**Your assignment**
Copy each of the records exactly; leave nothing out.

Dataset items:
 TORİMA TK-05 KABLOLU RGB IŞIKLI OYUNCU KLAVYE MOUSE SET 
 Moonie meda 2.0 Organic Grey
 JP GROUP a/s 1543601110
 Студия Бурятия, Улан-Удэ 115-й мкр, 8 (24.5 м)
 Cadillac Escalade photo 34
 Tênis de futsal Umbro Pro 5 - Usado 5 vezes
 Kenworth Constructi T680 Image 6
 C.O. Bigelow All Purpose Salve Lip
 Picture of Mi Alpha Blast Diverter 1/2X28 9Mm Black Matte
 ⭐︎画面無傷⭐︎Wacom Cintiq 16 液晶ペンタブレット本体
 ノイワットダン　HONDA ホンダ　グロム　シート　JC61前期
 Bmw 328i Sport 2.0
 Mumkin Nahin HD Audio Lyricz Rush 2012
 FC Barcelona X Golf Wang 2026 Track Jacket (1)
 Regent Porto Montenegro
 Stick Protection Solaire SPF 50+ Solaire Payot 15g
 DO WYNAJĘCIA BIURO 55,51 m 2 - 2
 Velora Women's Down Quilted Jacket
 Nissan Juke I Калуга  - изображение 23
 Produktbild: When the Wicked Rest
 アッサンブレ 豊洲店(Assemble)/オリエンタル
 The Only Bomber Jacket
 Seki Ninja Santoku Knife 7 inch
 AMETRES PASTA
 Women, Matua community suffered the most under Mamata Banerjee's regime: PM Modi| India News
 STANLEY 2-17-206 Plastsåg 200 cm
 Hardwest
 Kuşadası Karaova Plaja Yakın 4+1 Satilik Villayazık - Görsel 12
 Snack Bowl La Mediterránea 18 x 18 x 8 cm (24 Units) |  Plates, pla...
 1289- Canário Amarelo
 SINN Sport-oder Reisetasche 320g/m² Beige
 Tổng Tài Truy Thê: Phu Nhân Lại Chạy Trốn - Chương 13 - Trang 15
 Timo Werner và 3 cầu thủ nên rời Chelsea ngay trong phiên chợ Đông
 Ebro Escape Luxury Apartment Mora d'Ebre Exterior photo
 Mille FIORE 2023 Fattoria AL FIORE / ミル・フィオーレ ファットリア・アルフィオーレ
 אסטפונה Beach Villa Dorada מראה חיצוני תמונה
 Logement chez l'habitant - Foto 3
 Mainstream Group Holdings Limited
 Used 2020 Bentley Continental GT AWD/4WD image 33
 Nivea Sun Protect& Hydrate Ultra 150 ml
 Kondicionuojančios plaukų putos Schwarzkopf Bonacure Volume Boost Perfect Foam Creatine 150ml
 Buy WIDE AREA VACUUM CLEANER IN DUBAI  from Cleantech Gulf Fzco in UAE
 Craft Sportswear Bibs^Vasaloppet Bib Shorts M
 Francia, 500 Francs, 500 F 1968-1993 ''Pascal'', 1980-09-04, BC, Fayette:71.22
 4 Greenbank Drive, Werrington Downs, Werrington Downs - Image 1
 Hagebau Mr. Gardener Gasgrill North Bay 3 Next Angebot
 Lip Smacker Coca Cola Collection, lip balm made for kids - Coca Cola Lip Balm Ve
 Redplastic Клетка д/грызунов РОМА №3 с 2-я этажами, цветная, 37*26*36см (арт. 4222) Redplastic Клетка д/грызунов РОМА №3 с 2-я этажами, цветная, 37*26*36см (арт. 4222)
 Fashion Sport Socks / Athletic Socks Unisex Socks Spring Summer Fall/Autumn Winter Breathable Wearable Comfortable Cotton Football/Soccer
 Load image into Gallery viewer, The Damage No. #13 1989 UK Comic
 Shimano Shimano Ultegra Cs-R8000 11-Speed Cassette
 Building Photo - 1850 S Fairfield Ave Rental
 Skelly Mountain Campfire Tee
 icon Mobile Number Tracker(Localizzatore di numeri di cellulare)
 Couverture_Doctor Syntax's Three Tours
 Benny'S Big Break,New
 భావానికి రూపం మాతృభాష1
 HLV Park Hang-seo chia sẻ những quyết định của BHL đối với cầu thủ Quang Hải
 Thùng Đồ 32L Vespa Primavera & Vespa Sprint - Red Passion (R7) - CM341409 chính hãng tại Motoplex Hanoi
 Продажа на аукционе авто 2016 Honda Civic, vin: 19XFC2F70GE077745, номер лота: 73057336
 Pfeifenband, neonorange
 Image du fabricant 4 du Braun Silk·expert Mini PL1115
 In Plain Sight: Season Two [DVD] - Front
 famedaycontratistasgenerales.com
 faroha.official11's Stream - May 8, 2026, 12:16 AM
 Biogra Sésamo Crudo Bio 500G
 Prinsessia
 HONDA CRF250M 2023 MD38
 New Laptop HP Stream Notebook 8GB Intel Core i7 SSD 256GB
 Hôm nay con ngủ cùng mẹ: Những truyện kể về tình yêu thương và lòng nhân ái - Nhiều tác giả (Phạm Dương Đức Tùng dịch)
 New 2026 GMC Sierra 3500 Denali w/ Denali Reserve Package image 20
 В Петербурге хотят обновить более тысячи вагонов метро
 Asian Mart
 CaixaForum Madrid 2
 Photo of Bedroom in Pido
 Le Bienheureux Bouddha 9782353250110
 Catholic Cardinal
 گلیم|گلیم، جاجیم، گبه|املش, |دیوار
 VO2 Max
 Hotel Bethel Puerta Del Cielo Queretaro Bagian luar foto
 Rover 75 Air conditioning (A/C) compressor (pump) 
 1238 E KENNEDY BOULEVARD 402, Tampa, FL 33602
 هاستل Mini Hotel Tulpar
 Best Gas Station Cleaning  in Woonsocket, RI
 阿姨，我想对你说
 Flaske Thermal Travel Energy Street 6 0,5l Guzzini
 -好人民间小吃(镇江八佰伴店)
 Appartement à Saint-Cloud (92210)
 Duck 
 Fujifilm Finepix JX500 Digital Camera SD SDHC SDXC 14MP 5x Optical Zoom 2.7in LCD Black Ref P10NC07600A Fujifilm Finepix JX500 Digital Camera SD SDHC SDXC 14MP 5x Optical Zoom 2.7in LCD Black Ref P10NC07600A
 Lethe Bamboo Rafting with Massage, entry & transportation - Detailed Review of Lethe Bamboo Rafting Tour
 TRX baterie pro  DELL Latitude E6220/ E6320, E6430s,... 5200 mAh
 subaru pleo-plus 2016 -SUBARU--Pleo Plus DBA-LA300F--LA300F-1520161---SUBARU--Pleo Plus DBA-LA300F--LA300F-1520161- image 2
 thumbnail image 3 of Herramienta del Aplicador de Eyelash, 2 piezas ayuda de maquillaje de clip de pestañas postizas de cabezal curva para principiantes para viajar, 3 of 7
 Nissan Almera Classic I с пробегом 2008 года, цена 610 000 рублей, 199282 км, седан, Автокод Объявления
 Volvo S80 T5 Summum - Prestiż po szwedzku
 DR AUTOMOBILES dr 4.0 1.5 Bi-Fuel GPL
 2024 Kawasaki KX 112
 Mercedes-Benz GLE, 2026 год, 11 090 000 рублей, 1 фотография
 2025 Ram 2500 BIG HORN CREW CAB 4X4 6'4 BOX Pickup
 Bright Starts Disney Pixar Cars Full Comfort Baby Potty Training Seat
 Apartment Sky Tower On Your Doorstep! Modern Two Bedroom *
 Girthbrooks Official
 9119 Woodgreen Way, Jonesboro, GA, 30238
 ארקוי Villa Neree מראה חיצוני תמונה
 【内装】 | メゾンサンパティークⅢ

**Answer below**
 TORİMA TK-05 KABLOLU RGB IŞIKLI OYUNCU KLAVYE MOUSE SET 
 Moonie meda 2.0 Organic Grey
 JP GROUP a/s 1543601110
 Студия Бурятия, Улан-Удэ 115-й мкр, 8 (24.5 м)
 Cadillac Escalade photo 34
 Tênis de futsal Umbro Pro 5 - Usado 5 vezes
 Kenworth Constructi T680 Image 6
 C.O. Bigelow All Purpose Salve Lip
 Picture of Mi Alpha Blast Diverter 1/2X28 9Mm Black Matte
 ⭐︎画面無傷⭐︎Wacom Cintiq 16 液晶ペンタブレット本体
 ノイワットダン　HONDA ホンダ　グロム　シート　JC61前期
 Bmw 328i Sport 2.0
 Mumkin Nahin HD Audio Lyricz Rush 2012
 FC Barcelona X Golf Wang 2026 Track Jacket (1)
 Regent Porto Montenegro
 Stick Protection Solaire SPF 50+ Solaire Payot 15g
 DO WYNAJĘCIA BIURO 55,51 m 2 - 2
 Velora Women's Down Quilted Jacket
 Nissan Juke I Калуга  - изображение 23
 Produktbild: When the Wicked Rest
 アッサンブレ 豊洲店(Assemble)/オリエンタル
 The Only Bomber Jacket
 Seki Ninja Santoku Knife 7 inch
 AMETRES PASTA
 Women, Matua community suffered the most under Mamata Banerjee's regime: PM Modi| India News
 STANLEY 2-17-206 Plastsåg 200 cm
 Hardwest
 Kuşadası Karaova Plaja Yakın 4+1 Satilik Villayazık - Görsel 12
 Snack Bowl La Mediterránea 18 x 18 x 8 cm (24 Units) |  Plates, pla...
 1289- Canário Amarelo
 SINN Sport-oder Reisetasche 320g/m² Beige
 Tổng Tài Truy Thê: Phu Nhân Lại Chạy Trốn - Chương 13 - Trang 15
 Timo Werner và 3 cầu thủ nên rời Chelsea ngay trong phiên chợ Đông
 Ebro Escape Luxury Apartment Mora d'Ebre Exterior photo
 Mille FIORE 2023 Fattoria AL FIORE / ミル・フィオーレ ファットリア・アルフィオーレ
 אסטפונה Beach Villa Dorada מראה חיצוני תמונה
 Logement chez l'habitant - Foto 3
 Mainstream Group Holdings Limited
 Used 2020 Bentley Continental GT AWD/4WD image 33
 Nivea Sun Protect& Hydrate Ultra 150 ml
 Kondicionuojančios plaukų putos Schwarzkopf Bonacure Volume Boost Perfect Foam Creatine 150ml
 Buy WIDE AREA VACUUM CLEANER IN DUBAI  from Cleantech Gulf Fzco in UAE
 Craft Sportswear Bibs^Vasaloppet Bib Shorts M
 Francia, 500 Francs, 500 F 1968-1993 ''Pascal'', 1980-09-04, BC, Fayette:71.22
 4 Greenbank Drive, Werrington Downs, Werrington Downs - Image 1
 Hagebau Mr. Gardener Gasgrill North Bay 3 Next Angebot
 Lip Smacker Coca Cola Collection, lip balm made for kids - Coca Cola Lip Balm Ve
 Redplastic Клетка д/грызунов РОМА №3 с 2-я этажами, цветная, 37*26*36см (арт. 4222) Redplastic Клетка д/грызунов РОМА №3 с 2-я этажами, цветная, 37*26*36см (арт. 4222)
 Fashion Sport Socks / Athletic Socks Unisex Socks Spring Summer Fall/Autumn Winter Breathable Wearable Comfortable Cotton Football/Soccer
 Load image into Gallery viewer, The Damage No. #13 1989 UK Comic
 Shimano Shimano Ultegra Cs-R8000 11-Speed Cassette
 Building Photo - 1850 S Fairfield Ave Rental
 Skelly Mountain Campfire Tee
 icon Mobile Number Tracker(Localizzatore di numeri di cellulare)
 Couverture_Doctor Syntax's Three Tours
 Benny'S Big Break,New
 భావానికి రూపం మాతృభాష1
 HLV Park Hang-seo chia sẻ những quyết định của BHL đối với cầu thủ Quang Hải
 Thùng Đồ 32L Vespa Primavera & Vespa Sprint - Red Passion (R7) - CM341409 chính hãng tại Motoplex Hanoi
 Продажа на аукционе авто 2016 Honda Civic, vin: 19XFC2F70GE077745, номер лота: 73057336
 Pfeifenband, neonorange
 Image du fabricant 4 du Braun Silk·expert Mini PL1115
 In Plain Sight: Season Two [DVD] - Front
 famedaycontratistasgenerales.com
 faroha.official11's Stream - May 8, 2026, 12:16 AM
 Biogra Sésamo Crudo Bio 500G
 Prinsessia
 HONDA CRF250M 2023 MD38
 New Laptop HP Stream Notebook 8GB Intel Core i7 SSD 256GB
 Hôm nay con ngủ cùng mẹ: Những truyện kể về tình yêu thương và lòng nhân ái - Nhiều tác giả (Phạm Dương Đức Tùng dịch)
 New 2026 GMC Sierra 3500 Denali w/ Denali Reserve Package image 20
 В Петербурге хотят обновить более тысячи вагонов метро
 Asian Mart
 CaixaForum Madrid 2
 Photo of Bedroom in Pido
 Le Bienheureux Bouddha 9782353250110
 Catholic Cardinal
 گلیم|گلیم، جاجیم، گبه|املش, |دیوار
 VO2 Max
 Hotel Bethel Puerta Del Cielo Queretaro Bagian luar foto
 Rover 75 Air conditioning (A/C) compressor (pump) 
 1238 E KENNEDY BOULEVARD 402, Tampa, FL 33602
 هاستل Mini Hotel Tulpar
 Best Gas Station Cleaning  in Woonsocket, RI
 阿姨，我想对你说
 Flaske Thermal Travel Energy Street 6 0,5l Guzzini
 -好人民间小吃(镇江八佰伴店)
 Appartement à Saint-Cloud (92210)
 Duck 
 Fujifilm Finepix JX500 Digital Camera SD SDHC SDXC 14MP 5x Optical Zoom 2.7in LCD Black Ref P10NC07600A Fujifilm Finepix JX500 Digital Camera SD SDHC SDXC 14MP 5x Optical Zoom 2.7in LCD Black Ref P10NC07600A
 Lethe Bamboo Rafting with Massage, entry & transportation - Detailed Review of Lethe Bamboo Rafting Tour
 TRX baterie pro  DELL Latitude E6220/ E6320, E6430s,... 5200 mAh
 subaru pleo-plus 2016 -SUBARU--Pleo Plus DBA-LA300F--LA300F-1520161---SUBARU--Pleo Plus DBA-LA300F--LA300F-1520161- image 2
 thumbnail image 3 of Herramienta del Aplicador de Eyelash, 2 piezas ayuda de maquillaje de clip de pestañas postizas de cabezal curva para principiantes para viajar, 3 of 7
 Nissan Almera Classic I с пробегом 2008 года, цена 610 000 рублей, 199282 км, седан, Автокод Объявления
 Volvo S80 T5 Summum - Prestiż po szwedzku
 DR AUTOMOBILES dr 4.0 1.5 Bi-Fuel GPL
 2024 Kawasaki KX 112
 Mercedes-Benz GLE, 2026 год, 11 090 000 рублей, 1 фотография
 2025 Ram 2500 BIG HORN CREW CAB 4X4 6'4 BOX Pickup
 Bright Starts Disney Pixar Cars Full Comfort Baby Potty Training Seat
 Apartment Sky Tower On Your Doorstep! Modern Two Bedroom *
 Girthbrooks Official
 9119 Woodgreen Way, Jonesboro, GA, 30238
 ארקוי Villa Neree מראה חיצוני תמונה
 【内装】 | メゾンサンパティークⅢ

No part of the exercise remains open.